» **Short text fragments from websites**
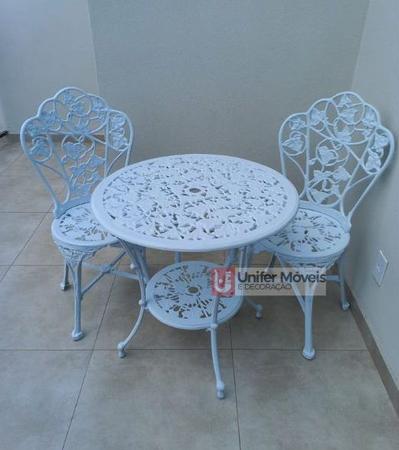 Imagem de Conjunto de Mesa Para Jardim Hera com 2 Cadeiras em Alumínio Fundido Unifer Móveis 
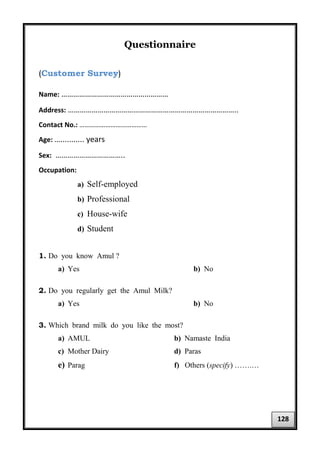 Questionnaire
(Customer Survey)
Name: ………………………………………………
Address: …………………………………………………………………………..
Contact No.: …………………………………
Age: …........... years
Sex: ……………………………..
Occupation:
a) Self-employed
b) Professional
c) House-wife
d) Student
1. Do you know Amul ?
a) Yes b) No
2. Do you regularly get the Amul Milk?
a) Yes b) No
3. Which brand milk do you like the most?
a) AMUL b) Namaste India
c) Mother Dairy d) Paras
e) Parag f) Others (specify) …….…
128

» **Problem**
Above are the records; copy them exactly without the pictures.

» **Response to the exercise**
 Imagem de Conjunto de Mesa Para Jardim Hera com 2 Cadeiras em Alumínio Fundido Unifer Móveis 
 Questionnaire
(Customer Survey)
Name: ………………………………………………
Address: …………………………………………………………………………..
Contact No.: …………………………………
Age: …........... years
Sex: ……………………………..
Occupation:
a) Self-employed
b) Professional
c) House-wife
d) Student
1. Do you know Amul ?
a) Yes b) No
2. Do you regularly get the Amul Milk?
a) Yes b) No
3. Which brand milk do you like the most?
a) AMUL b) Namaste India
c) Mother Dairy d) Paras
e) Parag f) Others (specify) …….…
128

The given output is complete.